MATERIAL PROVIDED Block Start
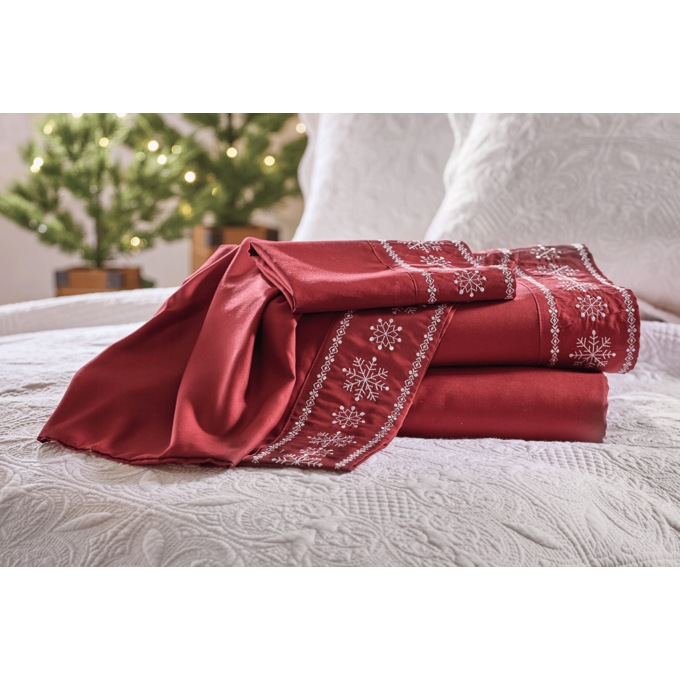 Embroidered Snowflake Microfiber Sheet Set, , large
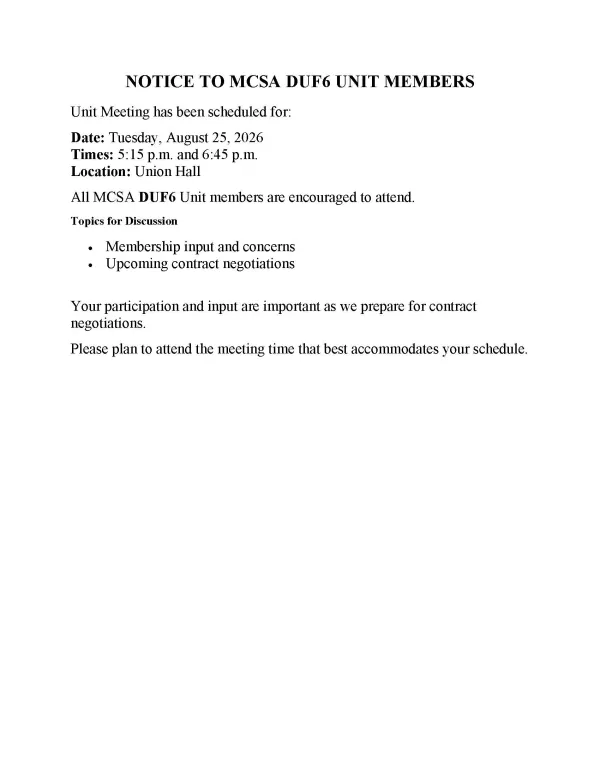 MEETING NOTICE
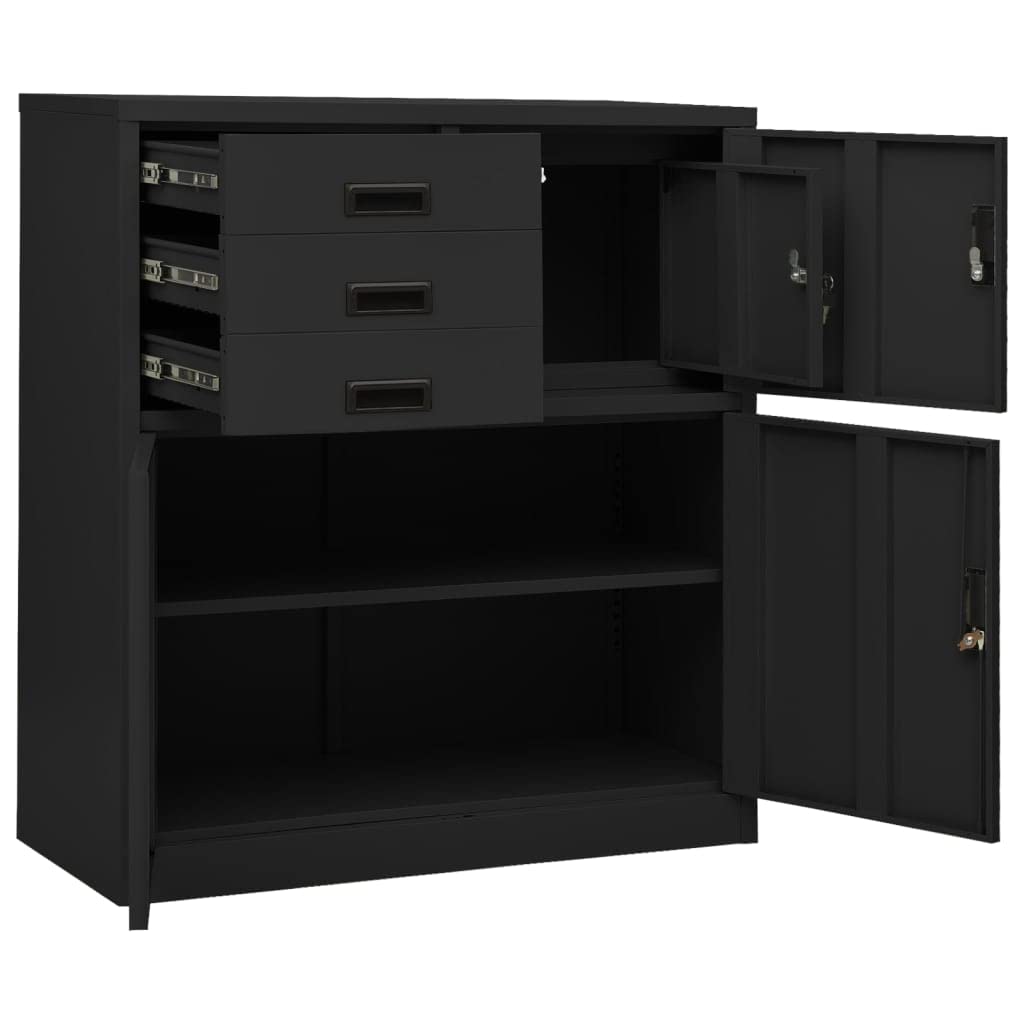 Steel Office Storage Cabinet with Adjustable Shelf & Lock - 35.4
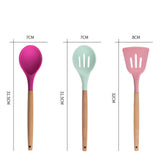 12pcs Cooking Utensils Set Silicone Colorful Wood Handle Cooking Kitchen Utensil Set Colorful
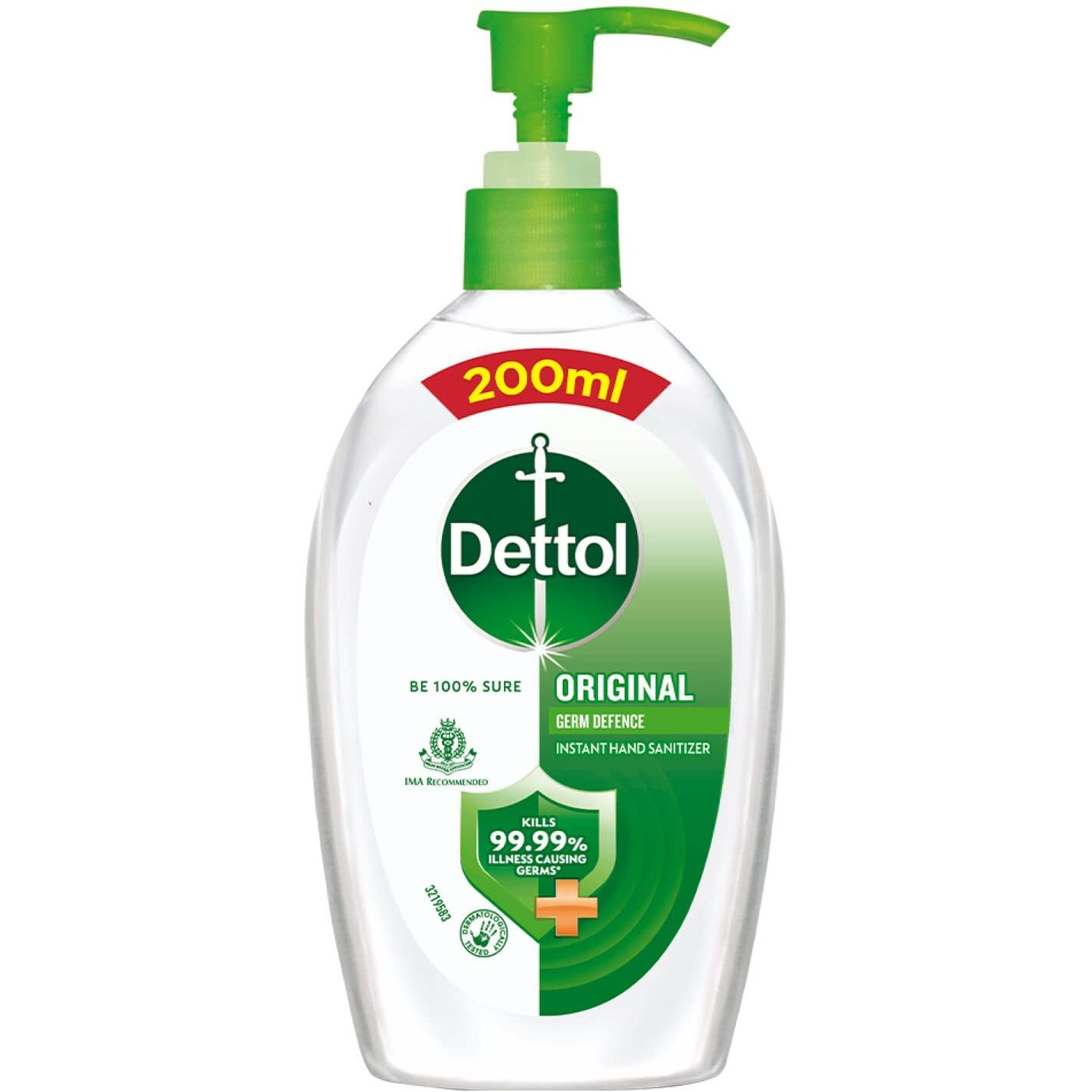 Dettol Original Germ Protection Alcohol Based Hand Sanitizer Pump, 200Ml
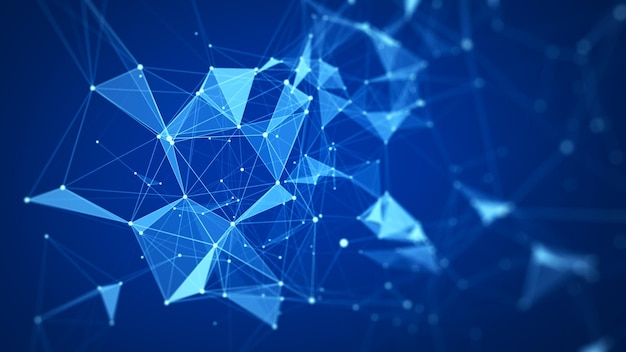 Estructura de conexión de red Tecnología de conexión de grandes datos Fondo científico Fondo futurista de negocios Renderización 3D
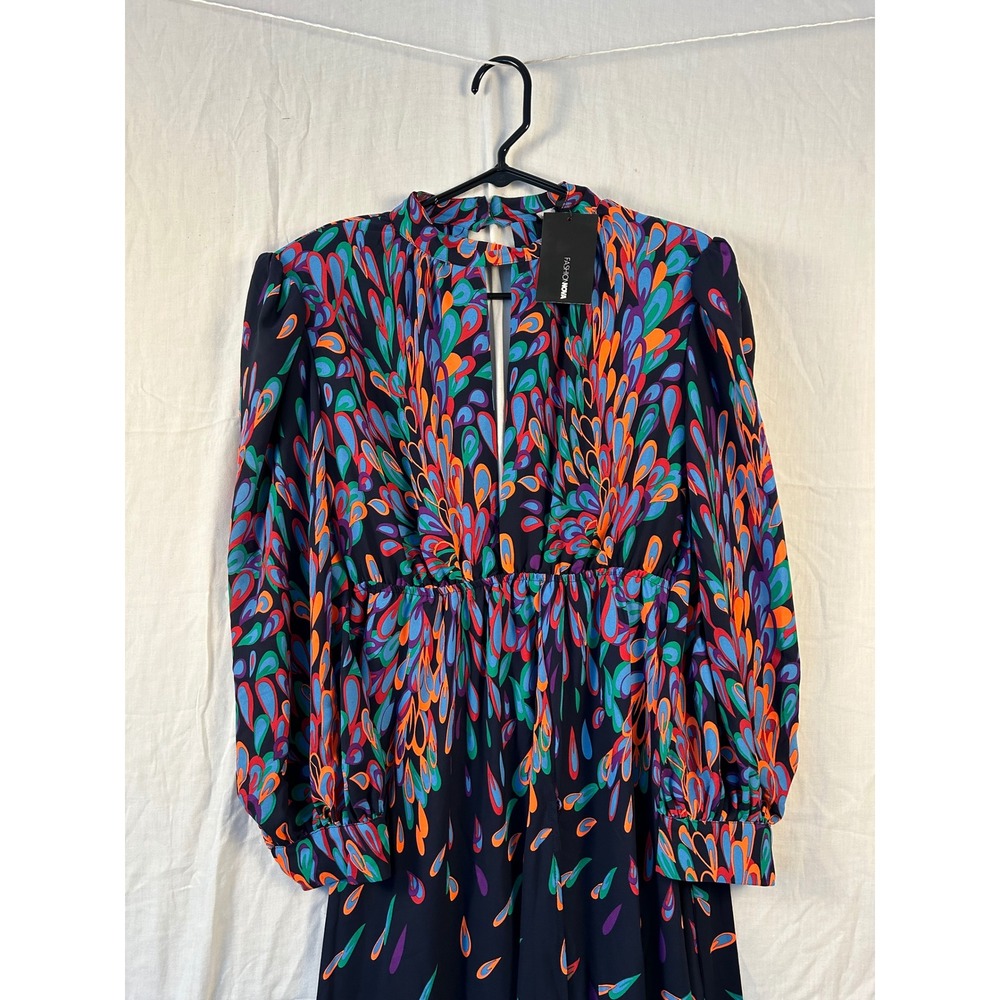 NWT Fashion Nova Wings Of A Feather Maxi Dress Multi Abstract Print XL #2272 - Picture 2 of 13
MATERIAL PROVIDED Block End
*WHAT TO DO:* Every line above is to be reproduced verbatim, and the pictures are to be omitted.

*ANSWER TO THE PROBLEM:*
 Embroidered Snowflake Microfiber Sheet Set, , large
 MEETING NOTICE
 Steel Office Storage Cabinet with Adjustable Shelf & Lock - 35.4
 12pcs Cooking Utensils Set Silicone Colorful Wood Handle Cooking Kitchen Utensil Set Colorful
 Dettol Original Germ Protection Alcohol Based Hand Sanitizer Pump, 200Ml
 Estructura de conexión de red Tecnología de conexión de grandes datos Fondo científico Fondo futurista de negocios Renderización 3D
 NWT Fashion Nova Wings Of A Feather Maxi Dress Multi Abstract Print XL #2272 - Picture 2 of 13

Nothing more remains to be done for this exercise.